FastAPI & engineering

Build HTTP APIs with automatic OpenAPI docs, validated payloads, and async I/O. Patterns for loading PyTorch or sklearn models, batch prediction, and how this connects to batch/stream data pipelines in production.

FastAPI Pydantic v2 uvicorn async
4
Topics
01

FastAPI basics

App, routes, and automatic OpenAPI

Run with uvicorn for ASGI

FastAPI is built on Starlette + Pydantic. Type hints on parameters drive validation and generated /docs. Use APIRouter to split large services.

python
from fastapi import FastAPI

app = FastAPI(title="Scoring API", version="1.0.0")

@app.get("/health")
def health() -> dict[str, str]:
    return {"status": "ok"}
Run locally: uvicorn module:app --reload. Behind production, put gunicorn+uvicorn workers or a managed container platform in front.
02

Pydantic models

Request / response schemas

Validation before your handler runs

python
from pydantic import BaseModel, Field

class PredictIn(BaseModel):
    features: list[float] = Field(..., min_length=1, max_length=10_000)
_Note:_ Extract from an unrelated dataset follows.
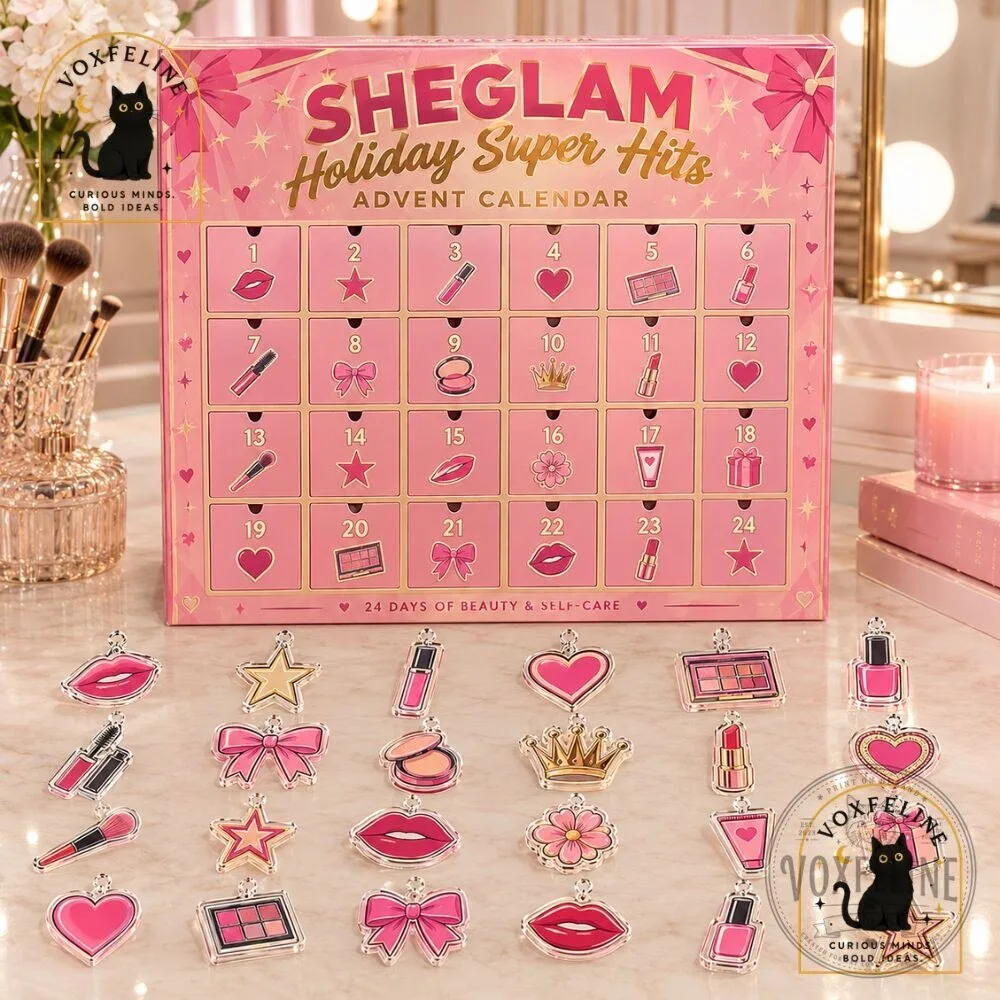 SHEGLAM Holiday Super Hits Advent Calendar Makeup & Beauty Gift Set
class PredictOut(BaseModel):
    score: float

@app.post("/predict", response_model=PredictOut)
def predict(body: PredictIn) -> PredictOut:
    # body.features is already validated
    ...
03

Serving ML models

🎯

Load once, infer many times

Lifespan hooks & thread safety

Load model weights when the process starts (FastAPI lifespan context), not per request. For PyTorch, set model.eval() and wrap inference in torch.no_grad(). Batch inputs when possible to amortize GPU kernel launch.

python
from contextlib import asynccontextmanager

@asynccontextmanager
async def lifespan(app: FastAPI):
    # load model, connect pools
    app.state.model = load_model("weights.pt")
    yield
    # cleanup

app = FastAPI(lifespan=lifespan)
If multiple workers process share the same GPU, coordinate memory—often one model replica per GPU. For sklearn, joblib-loaded pipelines are typical; watch pickling compatibility across versions.
04

Data engineering touchpoints

🔗

Beyond the API layer

Where features and labels come from

Batch

Scheduled ETL/ELT (Airflow, Dagster, dbt) materializes tables your API or batch scorer reads. Polars and PySpark handle large extracts before they touch FastAPI.

Streaming

Kafka / Redpanda + consumers for near-real-time features; still often land in a store the API queries. Design idempotent consumers and monitor lag.

Operationally: structured logging (no secrets/PII in clear text), metrics (latency, error rate), traces across services, and health checks align with platform rules for production ML.